Train robotic agents to learn pick and place with deep learning for vision-based manipulation in PyBullet.

Overview

Ravens - Transporter Networks

Ravens is a collection of simulated tasks in PyBullet for learning vision-based robotic manipulation, with emphasis on pick and place. It features a Gym-like API with 10 tabletop rearrangement tasks, each with (i) a scripted oracle that provides expert demonstrations (for imitation learning), and (ii) reward functions that provide partial credit (for reinforcement learning).
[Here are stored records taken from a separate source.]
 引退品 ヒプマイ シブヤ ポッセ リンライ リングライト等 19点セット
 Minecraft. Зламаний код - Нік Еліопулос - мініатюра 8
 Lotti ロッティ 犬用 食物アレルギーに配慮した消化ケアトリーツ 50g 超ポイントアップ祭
(a) block-insertion: pick up the L-shaped red block and place it into the L-shaped fixture.
(b) place-red-in-green: pick up the red blocks and place them into the green bowls amidst other objects.
(c) towers-of-hanoi: sequentially move disks from one tower to another—only smaller disks can be on top of larger ones.
(d) align-box-corner: pick up the randomly sized box and align one of its corners to the L-shaped marker on the tabletop.
(e) stack-block-pyramid: sequentially stack 6 blocks into a pyramid of 3-2-1 with rainbow colored ordering.
(f) palletizing-boxes: pick up homogeneous fixed-sized boxes and stack them in transposed layers on the pallet.
(g) assembling-kits: pick up different objects and arrange them on a board marked with corresponding silhouettes.
(h) packing-boxes: pick up randomly sized boxes and place them tightly into a container.
(i) manipulating-rope: rearrange a deformable rope such that it connects the two endpoints of a 3-sided square.
(j) sweeping-piles: push piles of small objects into a target goal zone marked on the tabletop.
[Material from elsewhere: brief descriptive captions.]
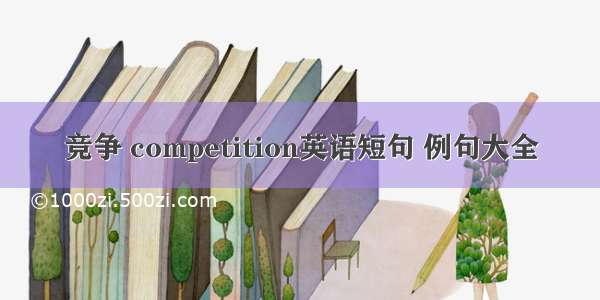 竞争 competition英语短句 例句大全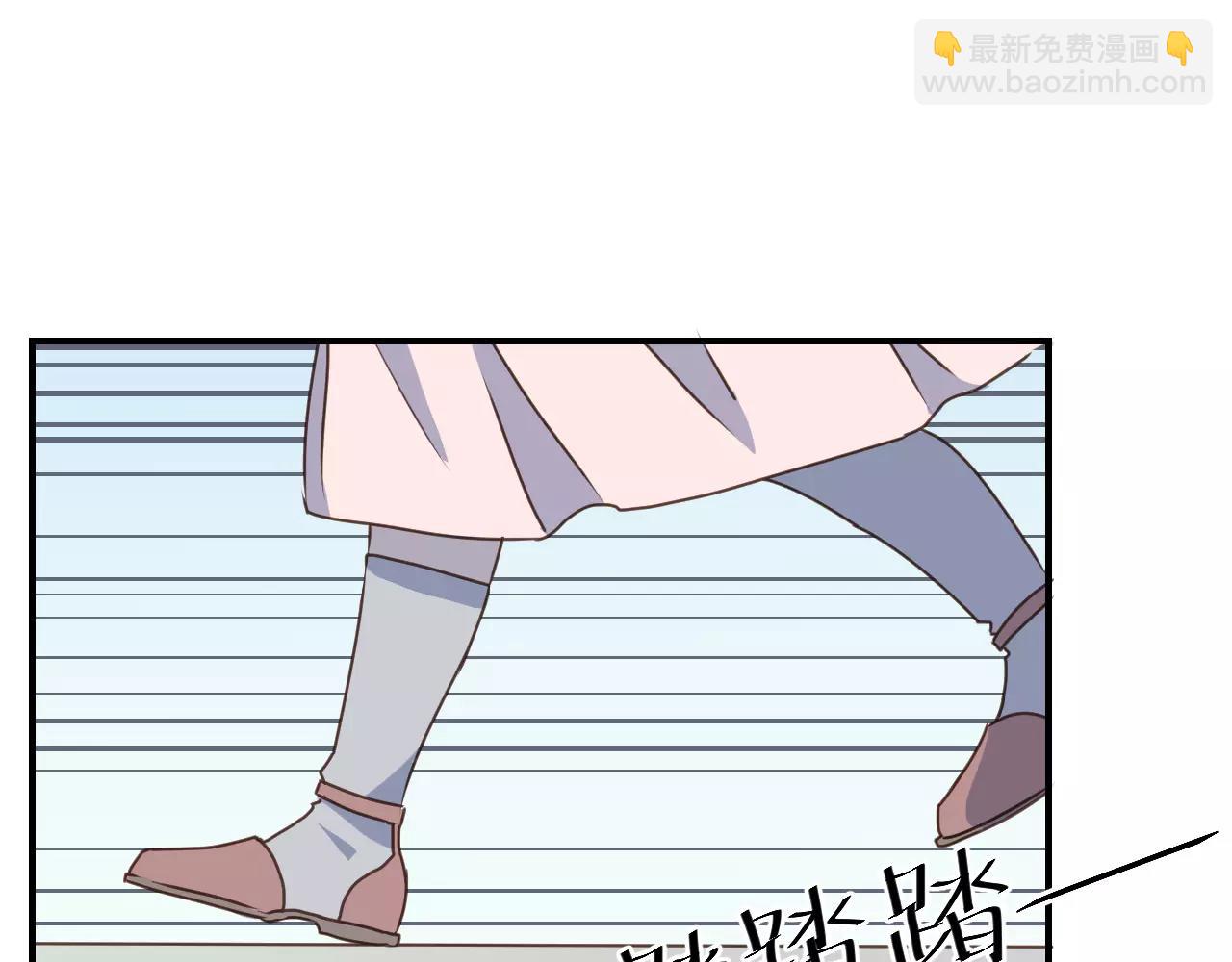小夥子毛線店 - 第14話 遭遇人販子 - 1
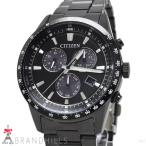 シチズン CITIZEN ツノクロノ R2-D2 AN3666-51A 未使用 スターウォーズ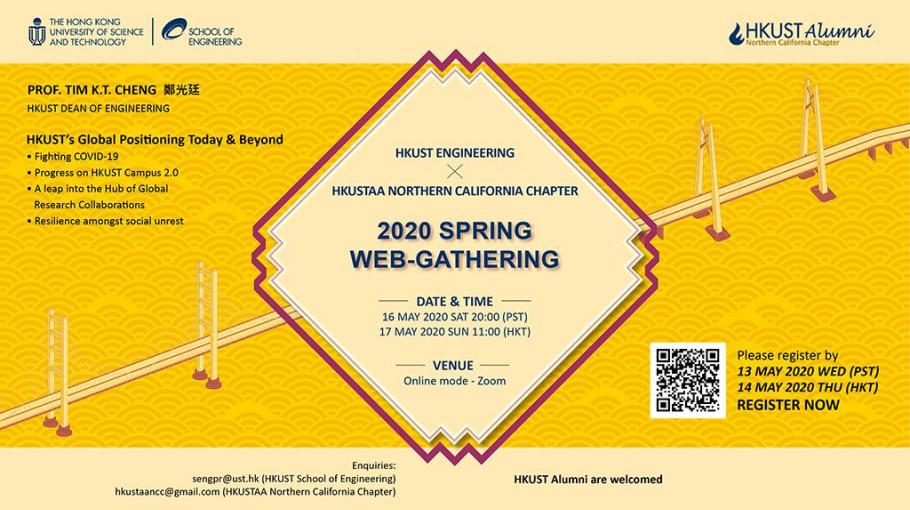 HKUST Engineering x HKUSTAA Northern California Chapter 2020 Spring Web-Gathering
Some tasks require generalizing to unseen objects (d,g,h), or multi-step sequencing with closed-loop feedback (c,e,f,h,i,j).
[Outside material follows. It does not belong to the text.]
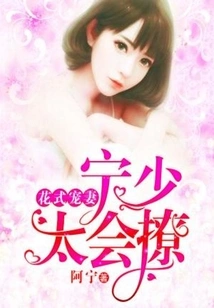 Doting on Your Wife in a Fancy Way: Mr. Ning is Very Good at Flirting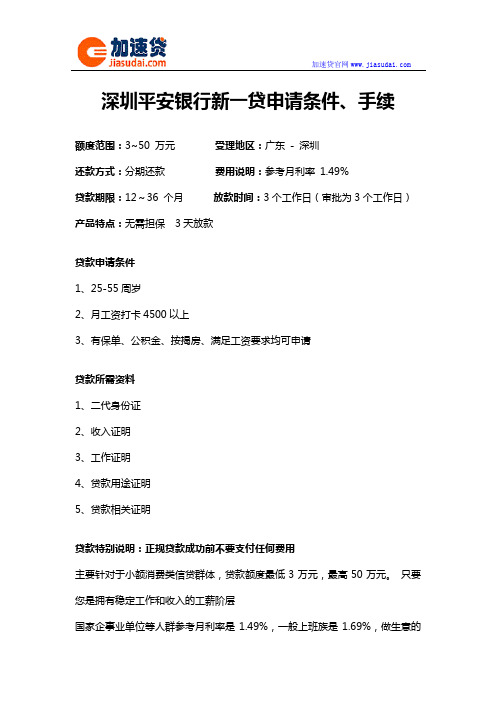 深圳平安银行新一贷信用贷款无抵押贷款申请条件、手续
Team: this repository is developed and maintained by Andy Zeng, Pete Florence, Daniel Seita, Jonathan Tompson, and Ayzaan Wahid. This is the reference repository for the paper:

Transporter Networks: Rearranging the Visual World for Robotic Manipulation

Project Website  •  PDF  •  Conference on Robot Learning (CoRL) 2020

Andy Zeng, Pete Florence, Jonathan Tompson, Stefan Welker, Jonathan Chien, Maria Attarian, Travis Armstrong,
Ivan Krasin, Dan Duong, Vikas Sindhwani, Johnny Lee

Abstract. Robotic manipulation can be formulated as inducing a sequence of spatial displacements: where the space being moved can encompass an object, part of an object, or end effector. In this work, we propose the Transporter Network, a simple model architecture that rearranges deep features to infer spatial displacements from visual input—which can parameterize robot actions. It makes no assumptions of objectness (e.g. canonical poses, models, or keypoints), it exploits spatial symmetries, and is orders of magnitude more sample efficient than our benchmarked alternatives in learning vision-based manipulation tasks: from stacking a pyramid of blocks, to assembling kits with unseen objects; from manipulating deformable ropes, to pushing piles of small objects with closed-loop feedback. Our method can represent complex multi-modal policy distributions and generalizes to multi-step sequential tasks, as well as 6DoF pick-and-place. Experiments on 10 simulated tasks show that it learns faster and generalizes better than a variety of end-to-end baselines, including policies that use ground-truth object poses. We validate our methods with hardware in the real world.

Installation

Step 1. Recommended: install Miniconda with Python 3.7.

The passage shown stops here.